Where it applies, the residence period is two years or periods amounting to two years in the last 10 years.
Preventing extension of the lease or sale of the freehold
In limited circumstances, the freeholder may be able to prevent extension or sale. These are:
if the leaseholder gives notice of their wish to enfranchise or extend the lease, the freeholder can apply to the court before the notice takes effect to get an order that they can resume possession, as they needs the property for themselves or a member of their family
where the lease has been extended or the leaseholder has applied to extend, the freeholder may be able to reclaim possession either during the last 12 months of the original lease or during the 50 years extension. They would have to apply to the court and prove that they need the property for the purposes of development (such as demolition or reconstruction). Compensation would be paid to the leaseholder
Procedure for buying the freehold of a house
To buy the freehold of a house, the leaseholder must serve a notice in a prescribed form on the freeholder of their desire to purchase. This places a contractual obligation on the freeholder to sell it to the leaseholder. The freeholder must reply by serving a notice within two months stating whether they accept the leaseholder's right and, if not, the grounds for objection.
The leaseholder can withdraw from the right if the price is not agreeable and must do so within one month of the price being set but will not be able to apply again for 12 months. The leaseholder is still liable for the freeholder's costs and may be liable to pay compensation to the freeholder if the claim has affected their power to dispose of the premises or any neighbouring premises.
The cost of buying the lease varies depending on whether or not it has already been extended, how long it has left to run and the market value of the property with the leaseholder in residence. Valuations can be obtained from a qualified surveyor. If there is a failure to agree a price, then the price can be fixed by the First-tier Tribunal (Property Chamber).
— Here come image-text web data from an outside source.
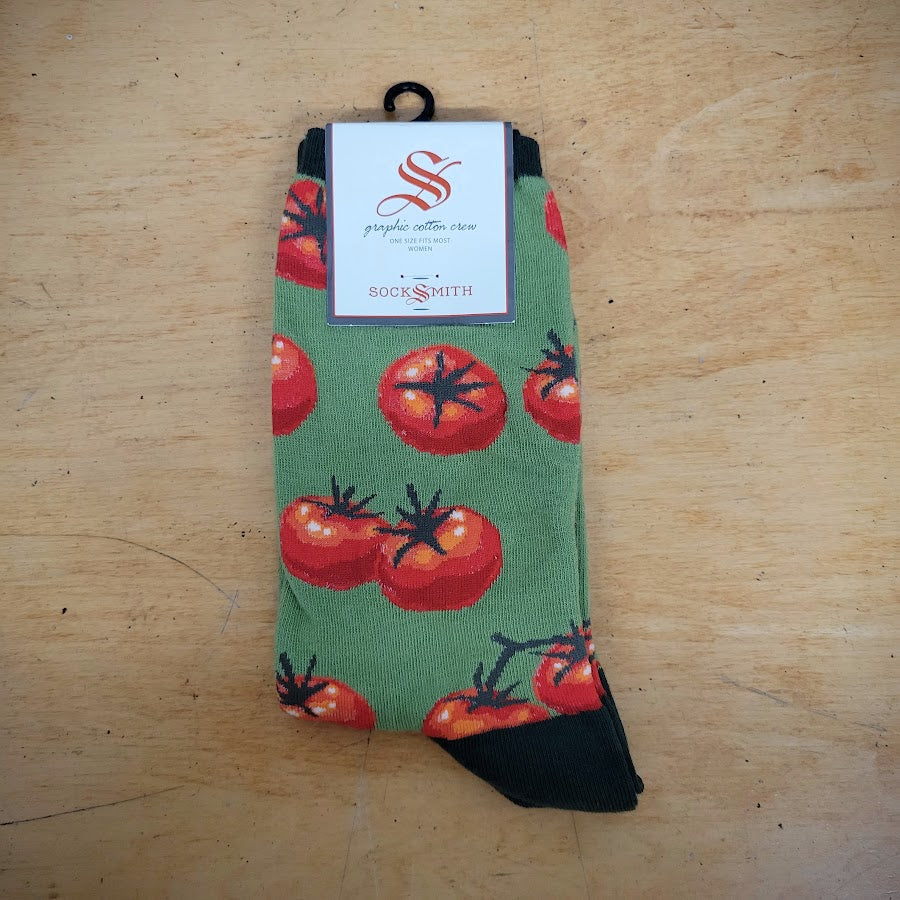 A green pair of socks with tomatoes on them.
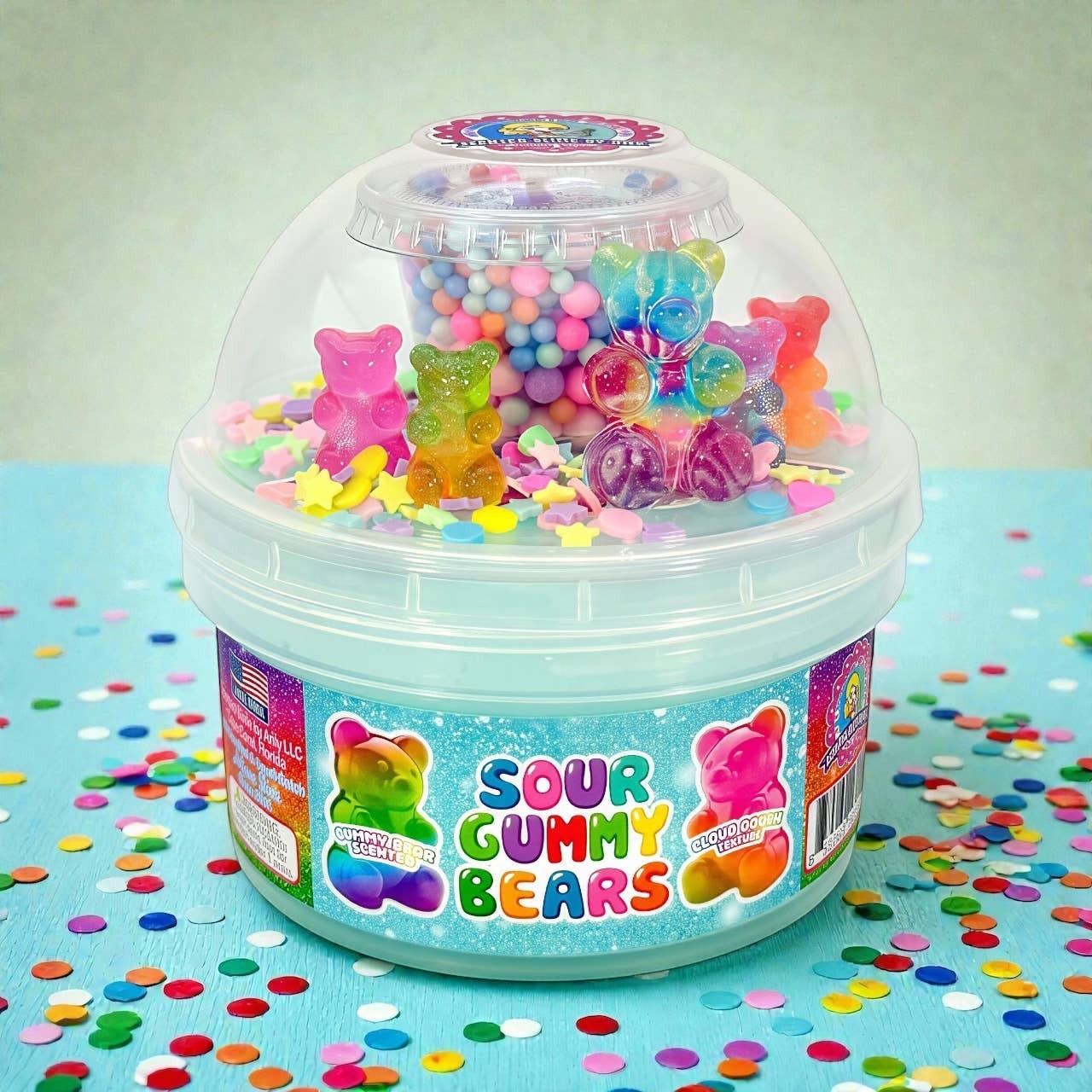 Doodlations Sour Gummy Bear Slime kit with light blue cloud slime, colorful gummy bear charms, star confetti, and foam beads.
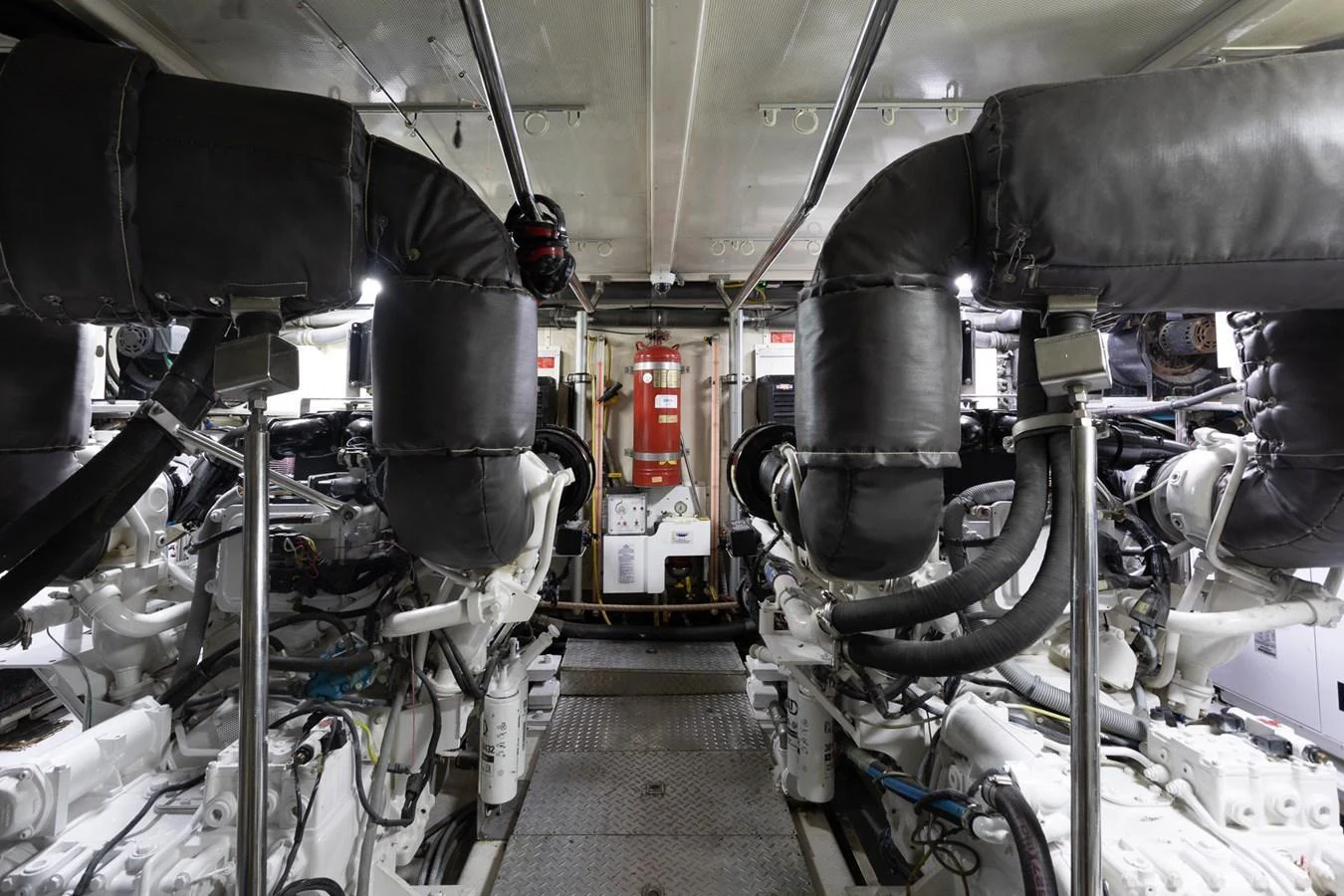 The image showcases the yacht's well-maintained engine room with advanced machinery. aboard PRIME TIME Yacht for Sale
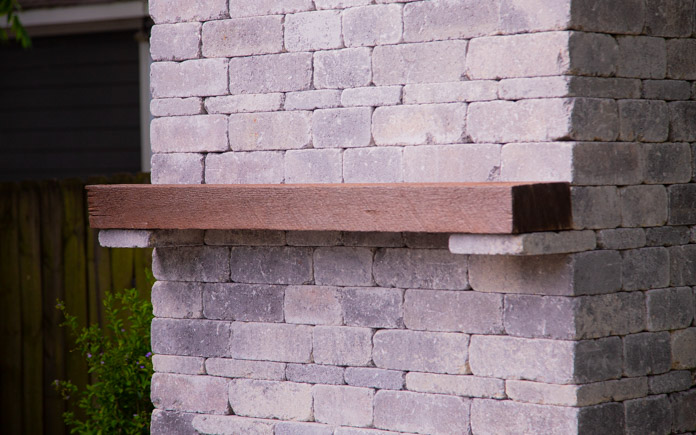 Wood mantel on a Pavestone Rumblestone outdoor fireplace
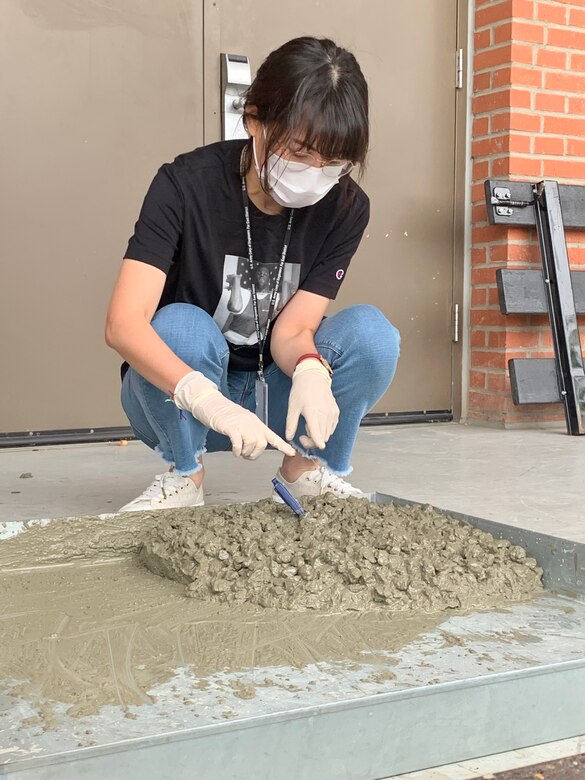 Min Chae Kim, an FED Geotechnical Materials Lab civil engineer, conducts a temperature check on a mix of concrete as part of testing for the American Concrete Institute certification, held at the Far East District Materials Testing Lab, Sept. 30.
In practice, it is usually necessary to employ a solicitor or licensed conveyancer in order to complete the procedure. Conveyancing covers the legal work involved in transferring ownership of a property from the seller to the buyer. It includes checking the documents confirming ownership, Land Registry and local authority searches, and preparing the contract for the sale.
The legal costs of both sides of using a solicitor or conveyancer are payable by the leaseholder.
Procedure for extending the lease of a house
The procedure for extending the lease is similar to that for buying the freehold.
The leaseholder must serve a notice in the prescribed form on the freeholder who must serve a counter-notice. The freeholder must then grant a new lease of 50 years plus the amount of years left on the existing lease. The new lease replaces the original lease and the terms should be basically the same as the original lease.
An application to extend the lease can only be made before the original lease expires.
The new ground rent is determined according to what would be reasonable at the time of the extension, and can be reviewed after 25 years. If there is a disagreement, the rent can be determined by the First-tier Tribunal (Property Chamber).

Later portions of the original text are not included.